Ye Xinjian, Chen Tan, Cheng Jiuhao, Song Yue, Ding Peihui, Wang Zhiyong, Chen Qianming
Stomatology Hospital, School of Stomatology, Zhejiang University School of Medicine, Zhejiang Provincial Clinical Research Center for Oral Diseases, Key Laboratory of Oral Biomedical Research of Zhejiang Province, Cancer Center of Zhejiang University, Engineering Research Center of Oral Biomaterials and Devices of Zhejiang Province, 166th Qiutao Road, Hangzhou, 310000, China.
Stomatology Hospital, School of Stomatology, Zhejiang University School of Medicine, Zhejiang Provincial Clinical Research Center for Oral Diseases, Key Laboratory of Oral Biomedical Research of Zhejiang Province, Cancer Center of Zhejiang University, Engineering Research Center of Oral Biomaterials and Devices of Zhejiang Province, 166th Qiutao Road, Hangzhou, 310000, China..
Int Immunopharmacol. 2025 Jan 10;144:113642. doi: 10.1016/j.intimp.2024.113642. Epub 2024 Nov 22.
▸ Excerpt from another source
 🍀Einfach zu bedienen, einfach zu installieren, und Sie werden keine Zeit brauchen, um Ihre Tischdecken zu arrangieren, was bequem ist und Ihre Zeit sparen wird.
Oral manifestations function as precursors to potential systemic pathologies, signaling early indicators of underlying health complications or immunological dysfunctions. Within these dynamics, circulating inflammatory proteins are recognized as critical mediators in immunopharmacology, bridging holistic health, immune response, and oral health.
We employed genetic data from genome-wide association studies to perform comprehensive Mendelian randomization (MR) analyses on 91 circulating inflammatory proteins and 17 oral phenotypes. Six MR algorithms and five auxiliary control measures were utilized to estimate the causal effects. Subsequently, the MR-Bayesian model averaging (MR-BMA) approach was conducted to elucidate the priorities in host-oral communication, followed by network analyses to explore the interactions among phenotypes.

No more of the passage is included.